Archive for the ‘gratitude’ Tag

A True Believer

Reading: Alma 26

Today, the reputation of religious people in society at large has been tarnished by the bad examples of a few. Religious leaders who are after money, political power, and who do not practice what they preach are much too common. As I read Alma 26, which consists of Ammon rejoicing in how blessed he has been by the Lord, I saw the attitude of a true believer.

Ammon is perhaps the greatest missionary in the Book of Mormon. He and his brothers forsaked their own right to rule the Nephites as king, and instead went to preach the gospel to a group of people who had been their enemies for centuries. As they preached they debased themselves, seeking to serve their enemies so that they could convince them of their sincerity and the truth of their word. Ammon and his brother’s choices lead them to the conversion of a whole kingdom of people who so loved the Lord that they were willing to give up their lives rather than continue to fight and kill. Even after all of this, Ammon did not take credit for himself but gave credit to the Lord. In verse 12 he says,

Yea, I know that I am nothing; as to my strength I am weak; therfor I will not boast of myself, but I will boast of my God, for in his strength I can do all things; yea, behold, many mighty miracles we have wrought in this land, for which we will praise his name forever.

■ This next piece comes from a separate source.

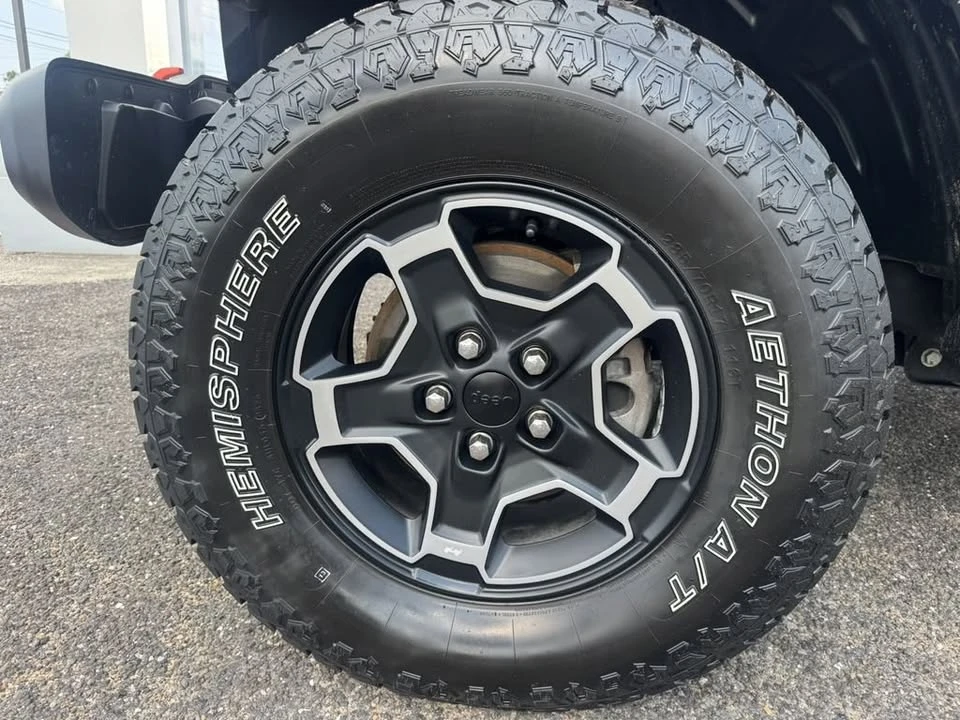 2023 Jeep JT Gladiator - Image 5 of 11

In our church the clergy is set up in such a way that it discourages anyone who is after money and power. All but a very few in the church do their work entirely as volunteers. Even missionaries and mission presidents must pay their own way as they take two to three years out of their own lives and whatever other employment they have. There is also a high rotation, so that a person serving as a bishop now many in a few years be serving in the nursery (basically babysitting 1-3 year olds) and no one would think it strange. Those in the highest levels of the church are kept so busy administering to a large worldwide church that they have no time for lives of leisure. Yet, church members are not perfect and you still occasionally hear of a bishop who behaves inappropriately or others who abuse their positions (always with quick punishment and removal from said position upon discovery of the infraction).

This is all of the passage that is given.